In 2015, it was estimated that over 230,000 people in Australia were living with chronic hepatitis C. Hepatitis C is transmitted via blood-to-blood contact, with the majority of cases being caused by the unsafe use of injectable drugs. Other sources of infection include tattooing and body piercing with contaminated instruments, and needlestick injuries.

The hepatitis C virus (HCV) is a ribonucleic acid (RNA) virus. The HCV can be divided into six main genotypes; some with numerous subtypes. The virus utilises the host’s liver cells to reproduce, resulting in an immune response which can lead to inflammation and cell death. After 20 years of infection, it is estimated that between 5% and 20% of chronic hepatitis C sufferers will develop cirrhosis, which may progress to liver failure or hepatocellular carcinoma. Listed below are some risk factors for disease progression:

  • Age over 50 years
  • Male
  • Longer duration of infection
  • Co-infection with hepatitis B, HIV, or schistosomiasis
  • Higher degree of inflammation on liver biopsy
  • High alanine aminotransferase (ALT) levels
  • Alcohol consumption
  • Daily cannabis use
  • Obesity
  • Type 2 diabetes.

Approximately 25% of people with acute hepatitis C infection will go on to clear the infection spontaneously. These people will still test positive for hepatitis C antibodies, however this does not confer immunity. Risk factors should be addressed in order to prevent reinfection. The other 75% of people will go on to have a chronic hepatitis C infection. Chronic sufferers show hepatitis C antibodies and detectable HCV RNA in their blood.
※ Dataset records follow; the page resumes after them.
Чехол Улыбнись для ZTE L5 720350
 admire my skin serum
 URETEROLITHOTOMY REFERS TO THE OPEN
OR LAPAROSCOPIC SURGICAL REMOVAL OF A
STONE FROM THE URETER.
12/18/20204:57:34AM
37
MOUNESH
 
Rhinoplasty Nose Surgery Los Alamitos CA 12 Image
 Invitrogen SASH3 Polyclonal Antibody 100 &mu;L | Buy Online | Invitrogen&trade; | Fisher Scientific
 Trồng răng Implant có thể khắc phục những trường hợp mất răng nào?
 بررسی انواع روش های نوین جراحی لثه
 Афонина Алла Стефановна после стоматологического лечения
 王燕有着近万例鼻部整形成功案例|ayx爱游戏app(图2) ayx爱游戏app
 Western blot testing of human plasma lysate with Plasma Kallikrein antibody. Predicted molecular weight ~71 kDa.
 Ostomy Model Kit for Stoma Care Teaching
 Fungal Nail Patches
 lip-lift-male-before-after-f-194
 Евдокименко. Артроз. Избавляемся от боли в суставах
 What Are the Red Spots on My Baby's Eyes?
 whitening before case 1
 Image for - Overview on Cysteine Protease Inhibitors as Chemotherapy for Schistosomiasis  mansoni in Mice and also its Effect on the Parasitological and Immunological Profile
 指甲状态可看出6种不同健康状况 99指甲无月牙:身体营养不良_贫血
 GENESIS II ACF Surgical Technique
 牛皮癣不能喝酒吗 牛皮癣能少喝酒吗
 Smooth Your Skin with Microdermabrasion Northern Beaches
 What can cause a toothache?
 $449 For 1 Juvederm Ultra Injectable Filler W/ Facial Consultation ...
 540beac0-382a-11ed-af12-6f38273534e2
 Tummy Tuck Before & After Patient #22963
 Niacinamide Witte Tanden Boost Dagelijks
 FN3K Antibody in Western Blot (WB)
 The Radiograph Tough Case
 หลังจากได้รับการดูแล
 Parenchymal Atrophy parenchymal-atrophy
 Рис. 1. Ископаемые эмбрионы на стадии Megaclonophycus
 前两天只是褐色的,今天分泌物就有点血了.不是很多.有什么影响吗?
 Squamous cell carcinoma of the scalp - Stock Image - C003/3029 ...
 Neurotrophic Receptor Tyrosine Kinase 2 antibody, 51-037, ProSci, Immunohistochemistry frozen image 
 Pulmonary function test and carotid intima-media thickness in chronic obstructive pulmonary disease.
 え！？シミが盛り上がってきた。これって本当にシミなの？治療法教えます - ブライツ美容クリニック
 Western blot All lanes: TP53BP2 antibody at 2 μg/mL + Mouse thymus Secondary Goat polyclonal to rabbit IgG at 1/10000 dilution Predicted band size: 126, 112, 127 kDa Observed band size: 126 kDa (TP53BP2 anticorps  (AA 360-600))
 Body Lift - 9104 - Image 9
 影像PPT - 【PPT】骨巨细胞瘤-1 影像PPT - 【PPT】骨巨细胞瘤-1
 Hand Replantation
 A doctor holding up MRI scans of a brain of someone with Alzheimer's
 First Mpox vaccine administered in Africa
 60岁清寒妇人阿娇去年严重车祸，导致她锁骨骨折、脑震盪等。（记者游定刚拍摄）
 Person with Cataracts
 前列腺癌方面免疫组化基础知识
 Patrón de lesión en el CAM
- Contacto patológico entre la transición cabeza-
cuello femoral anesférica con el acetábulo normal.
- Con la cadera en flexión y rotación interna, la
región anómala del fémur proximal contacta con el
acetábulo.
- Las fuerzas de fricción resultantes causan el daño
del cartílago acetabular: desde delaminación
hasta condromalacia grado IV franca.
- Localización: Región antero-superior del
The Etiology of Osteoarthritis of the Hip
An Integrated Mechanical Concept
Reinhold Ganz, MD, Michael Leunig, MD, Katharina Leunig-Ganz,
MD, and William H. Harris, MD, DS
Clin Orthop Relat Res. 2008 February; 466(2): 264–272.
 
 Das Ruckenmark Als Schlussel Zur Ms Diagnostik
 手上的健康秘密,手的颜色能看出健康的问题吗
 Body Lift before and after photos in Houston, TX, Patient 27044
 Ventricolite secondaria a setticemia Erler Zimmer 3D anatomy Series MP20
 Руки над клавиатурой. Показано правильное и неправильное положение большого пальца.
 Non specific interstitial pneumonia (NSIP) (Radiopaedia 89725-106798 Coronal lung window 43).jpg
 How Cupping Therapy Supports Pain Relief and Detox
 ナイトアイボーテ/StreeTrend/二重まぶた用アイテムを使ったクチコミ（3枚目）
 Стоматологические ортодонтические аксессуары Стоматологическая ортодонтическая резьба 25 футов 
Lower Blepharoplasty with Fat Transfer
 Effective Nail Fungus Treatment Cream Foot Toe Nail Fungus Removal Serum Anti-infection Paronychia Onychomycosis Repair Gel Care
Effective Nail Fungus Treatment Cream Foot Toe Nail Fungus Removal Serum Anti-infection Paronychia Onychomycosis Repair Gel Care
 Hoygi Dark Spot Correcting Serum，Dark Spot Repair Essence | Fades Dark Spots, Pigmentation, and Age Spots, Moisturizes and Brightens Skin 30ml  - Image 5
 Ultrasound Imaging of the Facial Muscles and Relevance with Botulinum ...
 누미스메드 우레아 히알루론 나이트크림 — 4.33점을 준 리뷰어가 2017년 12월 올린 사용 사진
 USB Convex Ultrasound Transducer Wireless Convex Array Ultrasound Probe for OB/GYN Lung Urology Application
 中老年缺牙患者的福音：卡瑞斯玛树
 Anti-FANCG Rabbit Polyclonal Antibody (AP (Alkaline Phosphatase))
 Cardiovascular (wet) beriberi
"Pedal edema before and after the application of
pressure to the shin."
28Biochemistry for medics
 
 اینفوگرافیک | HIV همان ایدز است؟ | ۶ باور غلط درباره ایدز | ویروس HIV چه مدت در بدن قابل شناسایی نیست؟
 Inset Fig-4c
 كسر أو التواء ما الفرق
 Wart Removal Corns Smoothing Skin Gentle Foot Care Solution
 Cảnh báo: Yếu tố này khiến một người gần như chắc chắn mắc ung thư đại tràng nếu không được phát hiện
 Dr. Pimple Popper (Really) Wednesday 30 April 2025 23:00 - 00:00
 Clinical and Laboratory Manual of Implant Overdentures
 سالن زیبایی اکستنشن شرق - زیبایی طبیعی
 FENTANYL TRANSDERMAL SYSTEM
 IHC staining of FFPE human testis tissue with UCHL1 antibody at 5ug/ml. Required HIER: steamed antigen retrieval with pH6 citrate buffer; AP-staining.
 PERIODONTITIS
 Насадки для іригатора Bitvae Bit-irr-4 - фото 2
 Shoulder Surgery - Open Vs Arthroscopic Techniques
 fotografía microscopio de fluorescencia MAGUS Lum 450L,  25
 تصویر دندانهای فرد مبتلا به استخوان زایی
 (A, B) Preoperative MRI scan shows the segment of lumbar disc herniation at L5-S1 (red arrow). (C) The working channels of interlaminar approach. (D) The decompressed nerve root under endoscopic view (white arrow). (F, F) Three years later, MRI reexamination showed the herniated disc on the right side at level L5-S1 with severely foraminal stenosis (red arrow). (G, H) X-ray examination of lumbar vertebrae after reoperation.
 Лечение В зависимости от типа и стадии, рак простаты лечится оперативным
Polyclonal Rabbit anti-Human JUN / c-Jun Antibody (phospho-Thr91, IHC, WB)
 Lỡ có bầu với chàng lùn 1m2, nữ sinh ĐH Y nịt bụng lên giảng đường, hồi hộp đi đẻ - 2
Once diagnosed, patients must have a HCV genotype test to determine the most appropriate treatment plan. A liver biopsy can provide useful information relating to the extent of hepatic fibrosis, inflammation, or necrosis. However, this procedure is not routinely performed due to the risks involved and the diagnostic accuracy of serum HCV RNA tests.

There are several lifestyle measures that will help to prevent disease progression in hepatitis C. Alcohol consumption should be discouraged, and avoided altogether in patients with severe fibrosis or cirrhosis. Cannabis use should also be avoided and overweight patients should be encouraged to lose weight. To prevent co-infection, patients who are serologically negative for hepatitis A and B should be vaccinated.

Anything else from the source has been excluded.